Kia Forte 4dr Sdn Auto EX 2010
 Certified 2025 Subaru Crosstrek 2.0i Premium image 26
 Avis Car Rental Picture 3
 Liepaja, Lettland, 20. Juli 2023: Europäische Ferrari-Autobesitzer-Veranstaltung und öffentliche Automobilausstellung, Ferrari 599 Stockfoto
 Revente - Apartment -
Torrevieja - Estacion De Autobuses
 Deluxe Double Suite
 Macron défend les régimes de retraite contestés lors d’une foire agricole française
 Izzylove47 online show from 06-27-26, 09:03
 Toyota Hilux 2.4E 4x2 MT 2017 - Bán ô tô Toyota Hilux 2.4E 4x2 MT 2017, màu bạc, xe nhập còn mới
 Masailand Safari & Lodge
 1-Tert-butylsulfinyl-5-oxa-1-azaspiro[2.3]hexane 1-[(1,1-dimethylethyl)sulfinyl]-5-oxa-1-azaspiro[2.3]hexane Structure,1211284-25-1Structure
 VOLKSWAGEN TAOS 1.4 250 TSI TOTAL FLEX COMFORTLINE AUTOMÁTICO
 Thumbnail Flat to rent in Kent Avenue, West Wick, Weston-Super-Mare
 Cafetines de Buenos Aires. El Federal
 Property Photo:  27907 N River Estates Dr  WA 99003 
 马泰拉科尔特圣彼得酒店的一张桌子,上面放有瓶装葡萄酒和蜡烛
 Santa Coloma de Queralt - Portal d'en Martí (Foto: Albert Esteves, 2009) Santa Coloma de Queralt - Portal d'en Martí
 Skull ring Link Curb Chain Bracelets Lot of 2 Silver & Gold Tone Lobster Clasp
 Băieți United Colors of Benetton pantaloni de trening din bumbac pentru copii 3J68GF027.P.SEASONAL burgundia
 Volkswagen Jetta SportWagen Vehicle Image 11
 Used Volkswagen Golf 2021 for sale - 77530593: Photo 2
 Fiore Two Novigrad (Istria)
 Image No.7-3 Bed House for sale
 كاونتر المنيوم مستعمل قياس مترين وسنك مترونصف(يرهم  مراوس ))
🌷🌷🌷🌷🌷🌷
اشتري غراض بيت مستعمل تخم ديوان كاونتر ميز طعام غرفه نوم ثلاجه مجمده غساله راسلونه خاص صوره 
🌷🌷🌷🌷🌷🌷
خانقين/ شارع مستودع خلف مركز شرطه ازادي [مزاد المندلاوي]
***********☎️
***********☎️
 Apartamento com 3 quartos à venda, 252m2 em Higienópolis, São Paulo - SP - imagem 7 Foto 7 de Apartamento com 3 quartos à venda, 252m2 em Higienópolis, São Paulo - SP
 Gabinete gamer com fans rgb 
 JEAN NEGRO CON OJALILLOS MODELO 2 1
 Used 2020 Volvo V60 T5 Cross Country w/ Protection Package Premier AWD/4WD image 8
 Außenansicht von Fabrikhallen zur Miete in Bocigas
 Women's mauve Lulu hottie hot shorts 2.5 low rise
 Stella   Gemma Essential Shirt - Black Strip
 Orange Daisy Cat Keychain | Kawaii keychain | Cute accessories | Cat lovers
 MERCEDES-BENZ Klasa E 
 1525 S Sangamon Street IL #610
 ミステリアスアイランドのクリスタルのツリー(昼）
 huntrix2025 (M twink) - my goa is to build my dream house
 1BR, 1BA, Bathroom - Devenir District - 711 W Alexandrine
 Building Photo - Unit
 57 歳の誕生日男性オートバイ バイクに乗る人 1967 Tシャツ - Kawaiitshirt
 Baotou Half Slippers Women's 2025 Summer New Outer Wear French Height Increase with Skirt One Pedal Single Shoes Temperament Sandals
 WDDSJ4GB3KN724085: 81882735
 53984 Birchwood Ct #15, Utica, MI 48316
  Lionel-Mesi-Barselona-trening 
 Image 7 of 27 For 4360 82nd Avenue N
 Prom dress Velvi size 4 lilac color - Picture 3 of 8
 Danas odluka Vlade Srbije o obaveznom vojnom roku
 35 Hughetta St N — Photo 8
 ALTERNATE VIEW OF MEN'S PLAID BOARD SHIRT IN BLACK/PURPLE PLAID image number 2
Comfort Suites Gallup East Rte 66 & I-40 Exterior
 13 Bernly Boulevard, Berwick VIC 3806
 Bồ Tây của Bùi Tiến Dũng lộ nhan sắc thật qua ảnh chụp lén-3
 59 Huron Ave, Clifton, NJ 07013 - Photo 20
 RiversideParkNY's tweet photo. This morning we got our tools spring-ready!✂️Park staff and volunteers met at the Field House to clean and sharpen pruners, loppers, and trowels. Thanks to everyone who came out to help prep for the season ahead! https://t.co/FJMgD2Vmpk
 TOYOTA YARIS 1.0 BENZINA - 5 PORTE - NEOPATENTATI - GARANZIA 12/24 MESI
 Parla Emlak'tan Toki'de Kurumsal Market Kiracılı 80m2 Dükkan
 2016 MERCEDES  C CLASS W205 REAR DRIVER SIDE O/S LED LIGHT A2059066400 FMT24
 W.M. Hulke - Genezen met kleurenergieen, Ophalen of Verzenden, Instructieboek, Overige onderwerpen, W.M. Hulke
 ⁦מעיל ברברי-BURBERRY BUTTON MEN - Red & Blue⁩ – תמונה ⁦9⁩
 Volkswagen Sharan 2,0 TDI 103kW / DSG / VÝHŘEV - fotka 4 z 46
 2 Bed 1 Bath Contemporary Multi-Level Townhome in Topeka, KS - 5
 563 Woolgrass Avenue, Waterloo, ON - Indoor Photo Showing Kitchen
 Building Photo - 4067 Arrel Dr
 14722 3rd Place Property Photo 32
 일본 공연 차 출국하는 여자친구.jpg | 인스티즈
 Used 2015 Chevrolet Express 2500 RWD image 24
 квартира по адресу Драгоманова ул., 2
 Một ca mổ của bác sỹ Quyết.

- _Problem_: List, from the entries above, every line in which the word "Building" shows up.

- _Response_:
 Building Photo - Unit
 Building Photo - 4067 Arrel Dr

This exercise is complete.